There is very little research that comments on the effectiveness of using HIV prevention in substance abuse programs. There are preliminary findings, however, that suggest that well managed programs in this area can contribute to reductions in substance abuse and recidivism (Weisbuch, 1991). Overall, the high risk nature of drug use among federal offenders demands an ongoing strategy that targets HIV/AIDS prevention within CSC's substance abuse programs.

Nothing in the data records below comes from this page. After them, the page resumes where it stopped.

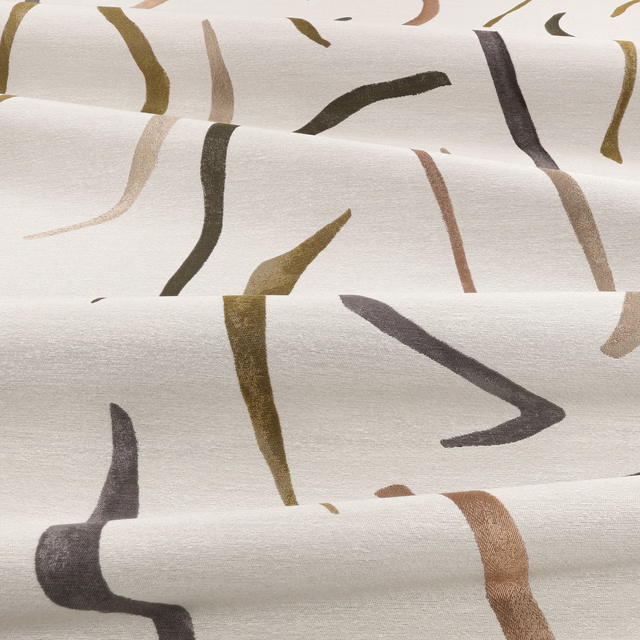 Warm ivory jacquard with olive, charcoal, taupe and rust abstract brushstroke marks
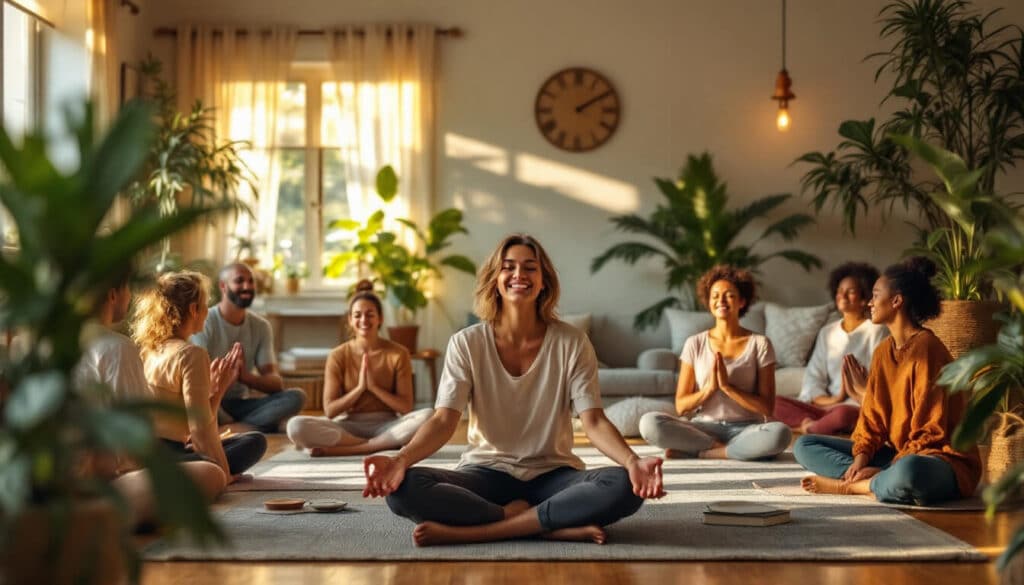 grupo chicos chicas meditacion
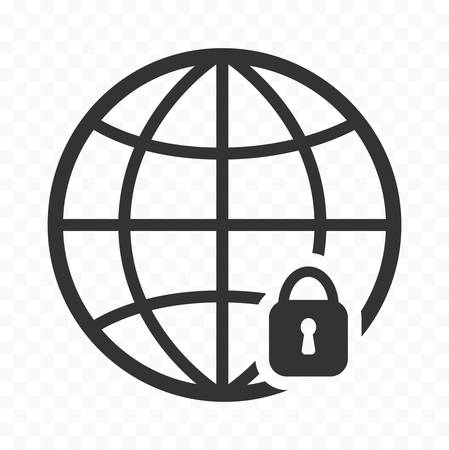 Globe icon and a padlock. Web browsing safety icon. Secured, protected network.のイラスト素材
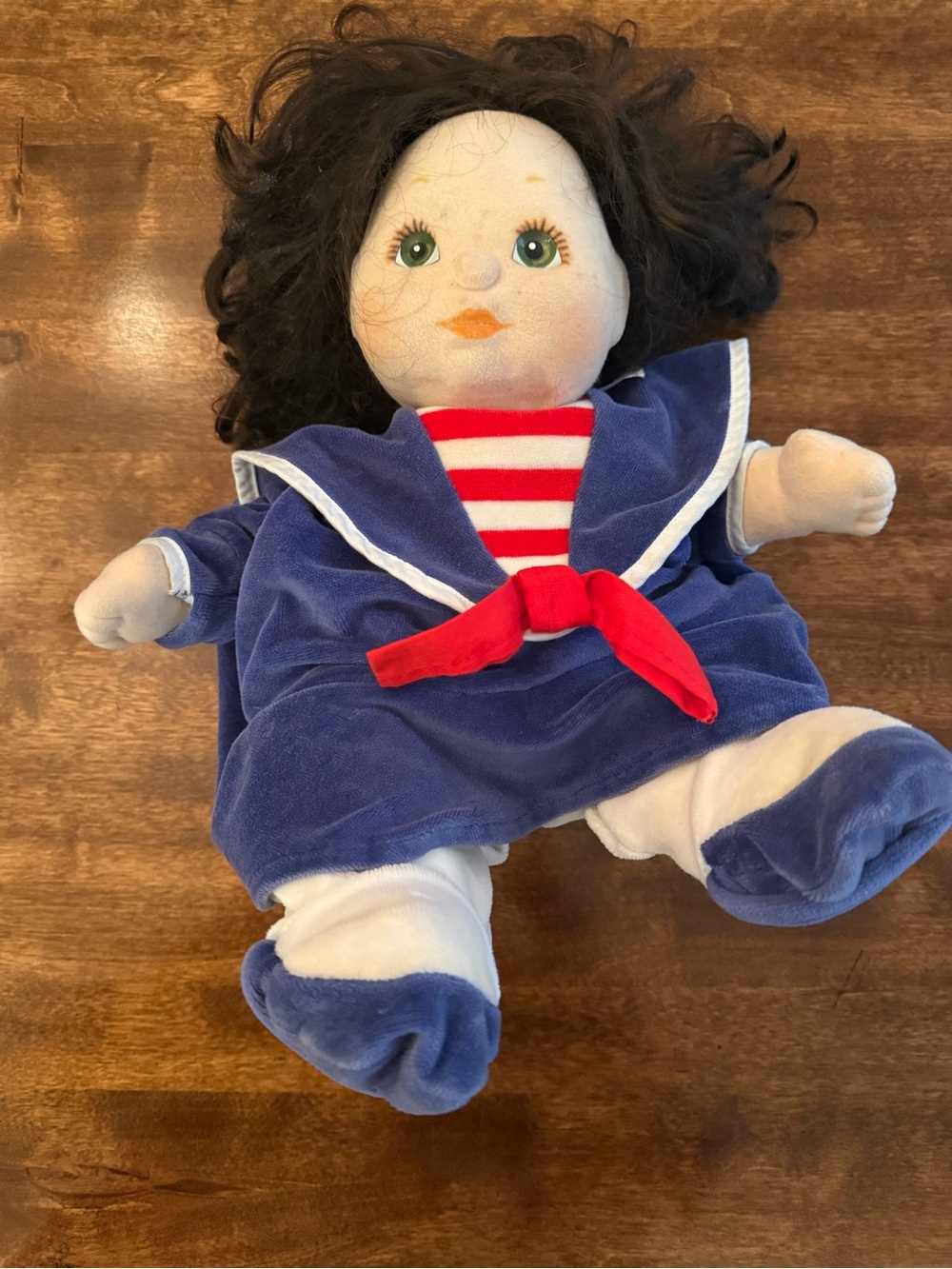 Vintage 1985 Mattel my child doll. Doll has green eyes and brown hair.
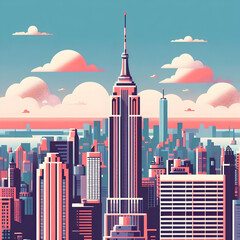 New York City with skyscrapers. NYC Skyline, Vector illustration in retro style.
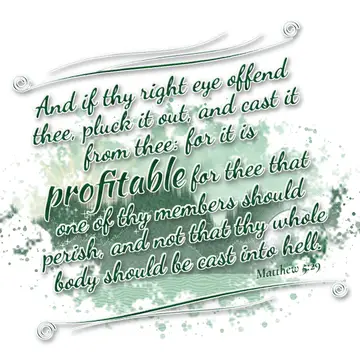 Matthew 5:29 – And if thy right eye offend thee, pluck it out, and cast it from thee: for it is profitable for thee that one of thy members should perish, and not…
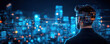 © BOW_NAPASORN - A man is looking at a cityscape with a futuristic vibe. The city is lit up with bright lights and the man is wearing glasses. Concept of wonder and excitement about the possibilities of technology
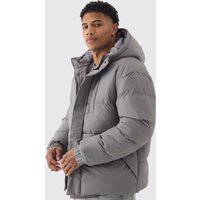 Anthrazitfarbene Official Steppjacke mit Kapuze - Grau - M, Grau von boohooman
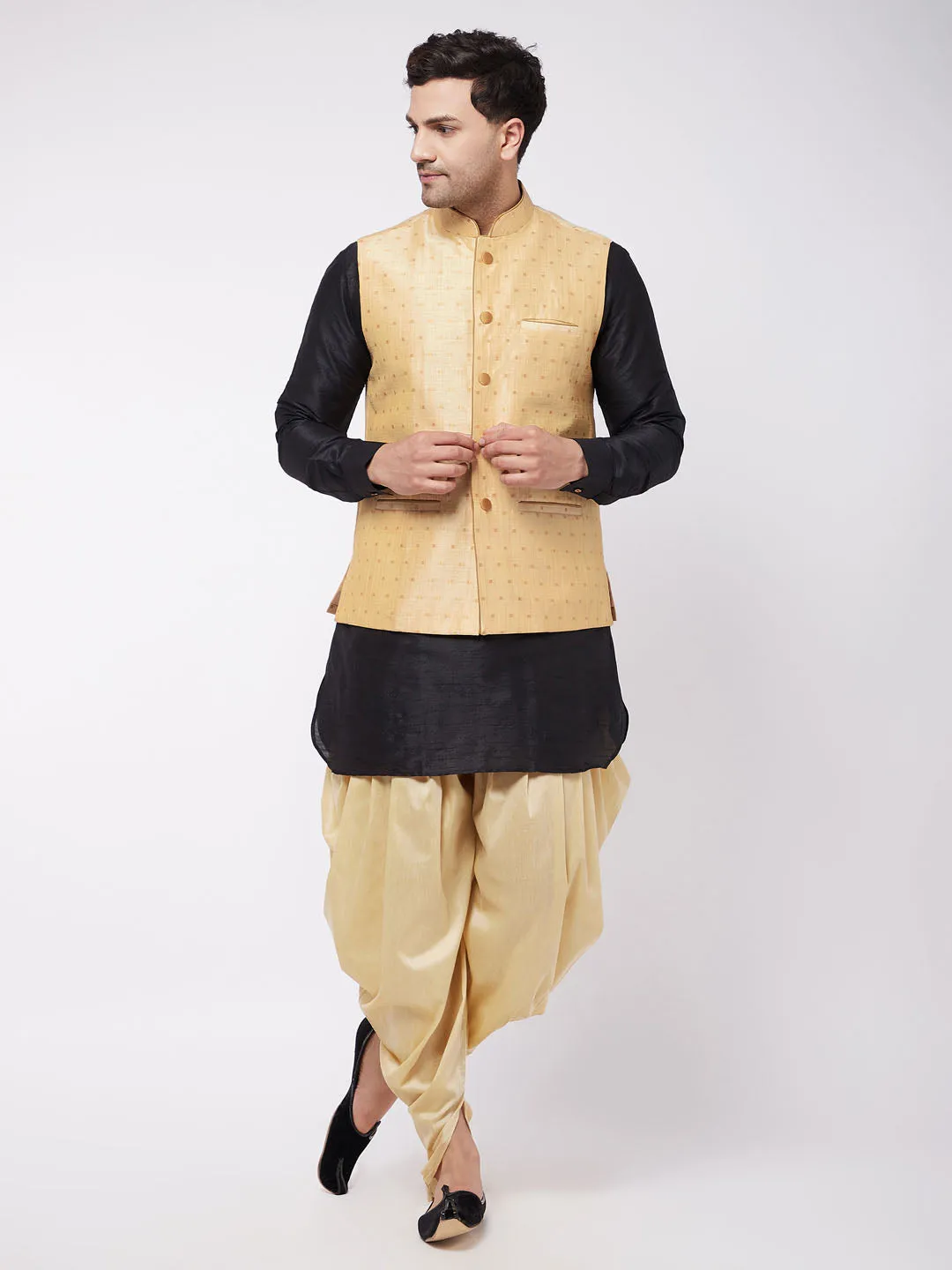 Men's Black And Gold Silk Blend Jacket, Kurta And Dhoti Set - Vastramay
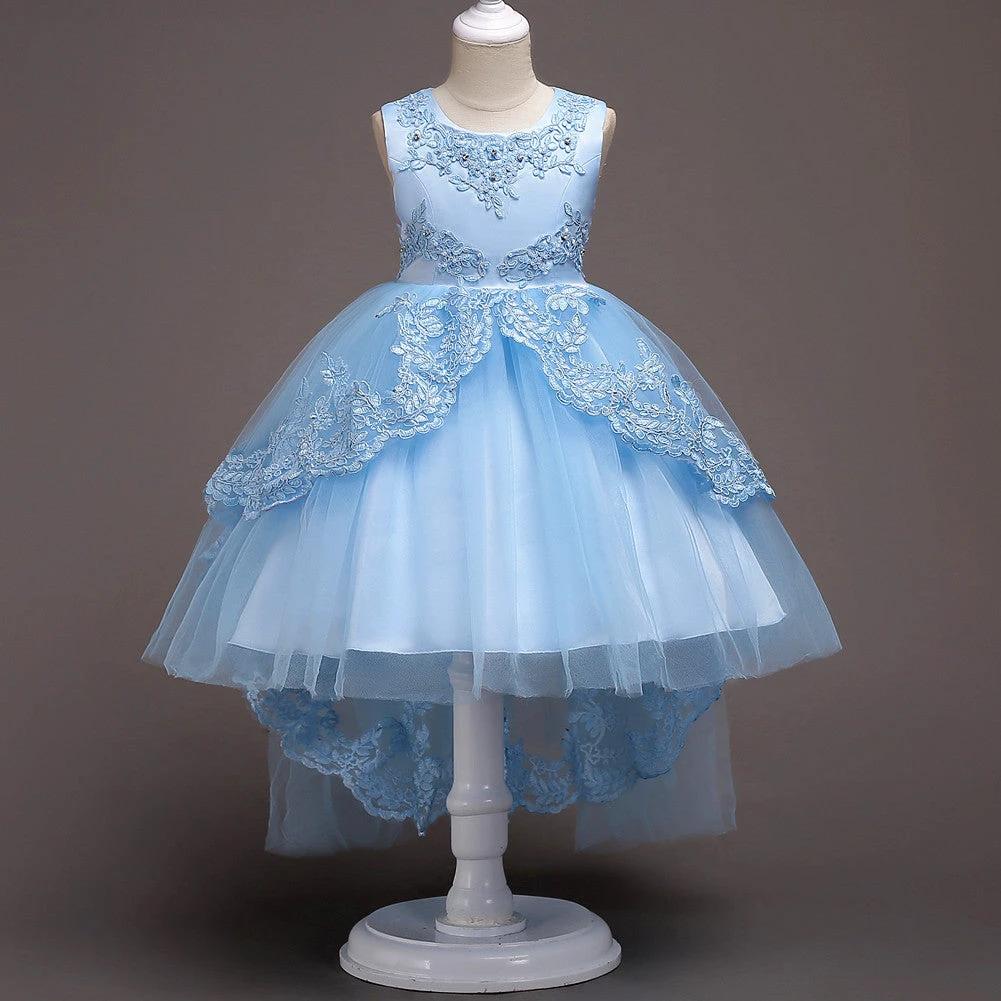 Children's princess dress by Ancient Energy featuring a pink satin gown with lace details and a tiara for special occasions.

References for HIV Prevention/Support:

Bauman, L.J., & Siegal, K. (1987), “Misperception among gay men of the risk for AIDS associated with their sexual behaviour”, Journal of Applied Social Psychology, 17, 329-350.

Baxter, S. (1991), “AIDS education in the jail setting”, Crime and Delinquency, 37(4), 48-63.

Calsyn, D et al. (1992), “Ineffectiveness of AIDS education and HIV antibody testing in reducing high-risk behaviors among drug users” American Journal of Public Health 82(4), 573-575.

Correctional Service of Canada. (1994), Report of the Expert Committee on AIDS and Prisons, Ottawa.

Des Jarlais, Don C. (1990), “Stages in the Response of the Drug Abuse Treatment System to the AIDS epidemic in New York City”, The Journal of Drug Issues 20(2), 335,347.

MacNair. R, et al. (1991), “AIDS Prevention Groups as Persuasive Appeals Effects on Attitudes About Precautionary Behaviors Among Persons in Substance Abuse Treatment” Small Group Research, Vol. 22 No.3, 301-319.

Pagliaro, Ann Marie, & Pagliaro, Louis A. (1994), “Just Punishment? HIV Infection and AIDS in Correctional Facilities”, Forum on Corrections Research, Vol. 6, No.3, 40-43.

Setzer, J et al. (1991), “An integrated model for medical care, substance abuse treatment and AIDS prevention services to minority youth in a short-term detention facility”, Journal of Prison & Jail Health, Vol. 10, No.2.

Toepell, Andrea R. (1993), “AIDS Knowledge Among Prisoners”, Forum on Corrections Research, Vol. 5, No. 1, 31-33.

Weisbuch, Jonathan B. (1991), “The New Responsibility for Prison Health: Working with the Public Health Community”, Journal of Prison & Jail Health, Vol. 10, No.1. 3-15.